__WHAT NEEDS TO BE DONE__
The records that follow should be retyped word for word.
(PROVIDED RECORDS Opens)
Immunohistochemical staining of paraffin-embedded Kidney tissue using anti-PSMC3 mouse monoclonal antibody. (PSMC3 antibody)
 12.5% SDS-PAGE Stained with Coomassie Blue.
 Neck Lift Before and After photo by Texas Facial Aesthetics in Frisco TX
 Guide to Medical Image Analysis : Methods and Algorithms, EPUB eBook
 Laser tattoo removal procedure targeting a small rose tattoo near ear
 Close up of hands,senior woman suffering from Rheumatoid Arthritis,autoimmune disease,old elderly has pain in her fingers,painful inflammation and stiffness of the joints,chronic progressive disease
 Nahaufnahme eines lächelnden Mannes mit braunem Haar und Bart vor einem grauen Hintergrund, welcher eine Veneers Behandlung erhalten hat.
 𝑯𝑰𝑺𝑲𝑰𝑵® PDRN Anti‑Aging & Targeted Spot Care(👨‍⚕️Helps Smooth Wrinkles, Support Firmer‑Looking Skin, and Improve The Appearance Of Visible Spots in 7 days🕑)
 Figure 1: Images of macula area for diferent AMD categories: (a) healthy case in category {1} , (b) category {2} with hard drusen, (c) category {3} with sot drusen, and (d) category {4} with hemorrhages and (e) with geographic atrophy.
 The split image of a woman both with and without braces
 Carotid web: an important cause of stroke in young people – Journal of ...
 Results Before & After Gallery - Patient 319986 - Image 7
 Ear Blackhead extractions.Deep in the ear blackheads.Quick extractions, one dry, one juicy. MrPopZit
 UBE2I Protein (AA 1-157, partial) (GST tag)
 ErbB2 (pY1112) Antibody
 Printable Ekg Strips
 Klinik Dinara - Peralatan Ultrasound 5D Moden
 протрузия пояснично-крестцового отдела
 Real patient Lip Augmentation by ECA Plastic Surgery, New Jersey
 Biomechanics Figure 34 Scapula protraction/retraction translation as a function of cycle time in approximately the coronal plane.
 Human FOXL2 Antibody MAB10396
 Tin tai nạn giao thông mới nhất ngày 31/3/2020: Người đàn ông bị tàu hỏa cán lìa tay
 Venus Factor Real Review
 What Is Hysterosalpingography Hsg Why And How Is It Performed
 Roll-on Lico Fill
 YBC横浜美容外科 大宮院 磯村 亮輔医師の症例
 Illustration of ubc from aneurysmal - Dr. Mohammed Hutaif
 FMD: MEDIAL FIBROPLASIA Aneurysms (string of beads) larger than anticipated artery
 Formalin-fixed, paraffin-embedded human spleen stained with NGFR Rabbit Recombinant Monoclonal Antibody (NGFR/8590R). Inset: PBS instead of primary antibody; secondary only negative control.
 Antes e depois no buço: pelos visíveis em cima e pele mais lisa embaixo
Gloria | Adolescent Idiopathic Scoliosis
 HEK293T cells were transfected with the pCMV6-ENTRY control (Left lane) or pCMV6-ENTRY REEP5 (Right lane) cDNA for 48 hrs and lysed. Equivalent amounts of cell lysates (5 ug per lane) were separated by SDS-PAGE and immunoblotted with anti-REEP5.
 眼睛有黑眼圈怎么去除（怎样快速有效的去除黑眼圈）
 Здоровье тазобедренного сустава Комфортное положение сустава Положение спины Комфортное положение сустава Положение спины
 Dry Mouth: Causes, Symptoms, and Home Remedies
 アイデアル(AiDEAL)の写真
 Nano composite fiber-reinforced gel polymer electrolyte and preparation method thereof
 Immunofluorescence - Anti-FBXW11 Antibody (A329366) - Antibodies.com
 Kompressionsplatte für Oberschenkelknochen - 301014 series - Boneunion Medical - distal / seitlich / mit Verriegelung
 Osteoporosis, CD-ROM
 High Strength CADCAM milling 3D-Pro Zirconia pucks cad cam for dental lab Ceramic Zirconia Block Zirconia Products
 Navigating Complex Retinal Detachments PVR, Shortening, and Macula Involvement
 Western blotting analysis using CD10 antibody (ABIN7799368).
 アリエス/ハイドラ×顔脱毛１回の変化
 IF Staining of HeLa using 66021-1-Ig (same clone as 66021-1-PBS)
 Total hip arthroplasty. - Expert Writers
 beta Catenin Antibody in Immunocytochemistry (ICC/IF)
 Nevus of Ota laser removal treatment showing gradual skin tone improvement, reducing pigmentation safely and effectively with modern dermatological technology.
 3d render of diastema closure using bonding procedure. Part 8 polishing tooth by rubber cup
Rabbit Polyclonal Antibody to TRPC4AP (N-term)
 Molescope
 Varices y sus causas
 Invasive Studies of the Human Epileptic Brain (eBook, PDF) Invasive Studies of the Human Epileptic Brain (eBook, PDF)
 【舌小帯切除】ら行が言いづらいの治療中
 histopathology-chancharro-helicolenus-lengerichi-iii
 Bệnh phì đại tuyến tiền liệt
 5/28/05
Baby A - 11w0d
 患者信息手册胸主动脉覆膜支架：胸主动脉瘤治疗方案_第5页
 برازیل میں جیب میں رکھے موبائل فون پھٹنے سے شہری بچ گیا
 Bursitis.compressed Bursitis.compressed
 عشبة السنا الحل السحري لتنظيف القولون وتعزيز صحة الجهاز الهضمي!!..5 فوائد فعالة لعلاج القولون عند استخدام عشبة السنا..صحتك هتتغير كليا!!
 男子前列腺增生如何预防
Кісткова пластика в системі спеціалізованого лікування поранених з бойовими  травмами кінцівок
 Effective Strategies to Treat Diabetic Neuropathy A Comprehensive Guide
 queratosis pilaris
(PROVIDED RECORDS Closes)
__PROBLEM SOLUTION__
Immunohistochemical staining of paraffin-embedded Kidney tissue using anti-PSMC3 mouse monoclonal antibody. (PSMC3 antibody)
 12.5% SDS-PAGE Stained with Coomassie Blue.
 Neck Lift Before and After photo by Texas Facial Aesthetics in Frisco TX
 Guide to Medical Image Analysis : Methods and Algorithms, EPUB eBook
 Laser tattoo removal procedure targeting a small rose tattoo near ear
 Close up of hands,senior woman suffering from Rheumatoid Arthritis,autoimmune disease,old elderly has pain in her fingers,painful inflammation and stiffness of the joints,chronic progressive disease
 Nahaufnahme eines lächelnden Mannes mit braunem Haar und Bart vor einem grauen Hintergrund, welcher eine Veneers Behandlung erhalten hat.
 𝑯𝑰𝑺𝑲𝑰𝑵® PDRN Anti‑Aging & Targeted Spot Care(👨‍⚕️Helps Smooth Wrinkles, Support Firmer‑Looking Skin, and Improve The Appearance Of Visible Spots in 7 days🕑)
 Figure 1: Images of macula area for diferent AMD categories: (a) healthy case in category {1} , (b) category {2} with hard drusen, (c) category {3} with sot drusen, and (d) category {4} with hemorrhages and (e) with geographic atrophy.
 The split image of a woman both with and without braces
 Carotid web: an important cause of stroke in young people – Journal of ...
 Results Before & After Gallery - Patient 319986 - Image 7
 Ear Blackhead extractions.Deep in the ear blackheads.Quick extractions, one dry, one juicy. MrPopZit
 UBE2I Protein (AA 1-157, partial) (GST tag)
 ErbB2 (pY1112) Antibody
 Printable Ekg Strips
 Klinik Dinara - Peralatan Ultrasound 5D Moden
 протрузия пояснично-крестцового отдела
 Real patient Lip Augmentation by ECA Plastic Surgery, New Jersey
 Biomechanics Figure 34 Scapula protraction/retraction translation as a function of cycle time in approximately the coronal plane.
 Human FOXL2 Antibody MAB10396
 Tin tai nạn giao thông mới nhất ngày 31/3/2020: Người đàn ông bị tàu hỏa cán lìa tay
 Venus Factor Real Review
 What Is Hysterosalpingography Hsg Why And How Is It Performed
 Roll-on Lico Fill
 YBC横浜美容外科 大宮院 磯村 亮輔医師の症例
 Illustration of ubc from aneurysmal - Dr. Mohammed Hutaif
 FMD: MEDIAL FIBROPLASIA Aneurysms (string of beads) larger than anticipated artery
 Formalin-fixed, paraffin-embedded human spleen stained with NGFR Rabbit Recombinant Monoclonal Antibody (NGFR/8590R). Inset: PBS instead of primary antibody; secondary only negative control.
 Antes e depois no buço: pelos visíveis em cima e pele mais lisa embaixo
Gloria | Adolescent Idiopathic Scoliosis
 HEK293T cells were transfected with the pCMV6-ENTRY control (Left lane) or pCMV6-ENTRY REEP5 (Right lane) cDNA for 48 hrs and lysed. Equivalent amounts of cell lysates (5 ug per lane) were separated by SDS-PAGE and immunoblotted with anti-REEP5.
 眼睛有黑眼圈怎么去除（怎样快速有效的去除黑眼圈）
 Здоровье тазобедренного сустава Комфортное положение сустава Положение спины Комфортное положение сустава Положение спины
 Dry Mouth: Causes, Symptoms, and Home Remedies
 アイデアル(AiDEAL)の写真
 Nano composite fiber-reinforced gel polymer electrolyte and preparation method thereof
 Immunofluorescence - Anti-FBXW11 Antibody (A329366) - Antibodies.com
 Kompressionsplatte für Oberschenkelknochen - 301014 series - Boneunion Medical - distal / seitlich / mit Verriegelung
 Osteoporosis, CD-ROM
 High Strength CADCAM milling 3D-Pro Zirconia pucks cad cam for dental lab Ceramic Zirconia Block Zirconia Products
 Navigating Complex Retinal Detachments PVR, Shortening, and Macula Involvement
 Western blotting analysis using CD10 antibody (ABIN7799368).
 アリエス/ハイドラ×顔脱毛１回の変化
 IF Staining of HeLa using 66021-1-Ig (same clone as 66021-1-PBS)
 Total hip arthroplasty. - Expert Writers
 beta Catenin Antibody in Immunocytochemistry (ICC/IF)
 Nevus of Ota laser removal treatment showing gradual skin tone improvement, reducing pigmentation safely and effectively with modern dermatological technology.
 3d render of diastema closure using bonding procedure. Part 8 polishing tooth by rubber cup
Rabbit Polyclonal Antibody to TRPC4AP (N-term)
 Molescope
 Varices y sus causas
 Invasive Studies of the Human Epileptic Brain (eBook, PDF) Invasive Studies of the Human Epileptic Brain (eBook, PDF)
 【舌小帯切除】ら行が言いづらいの治療中
 histopathology-chancharro-helicolenus-lengerichi-iii
 Bệnh phì đại tuyến tiền liệt
 5/28/05
Baby A - 11w0d
 患者信息手册胸主动脉覆膜支架：胸主动脉瘤治疗方案_第5页
 برازیل میں جیب میں رکھے موبائل فون پھٹنے سے شہری بچ گیا
 Bursitis.compressed Bursitis.compressed
 عشبة السنا الحل السحري لتنظيف القولون وتعزيز صحة الجهاز الهضمي!!..5 فوائد فعالة لعلاج القولون عند استخدام عشبة السنا..صحتك هتتغير كليا!!
 男子前列腺增生如何预防
Кісткова пластика в системі спеціалізованого лікування поранених з бойовими  травмами кінцівок
 Effective Strategies to Treat Diabetic Neuropathy A Comprehensive Guide
 queratosis pilaris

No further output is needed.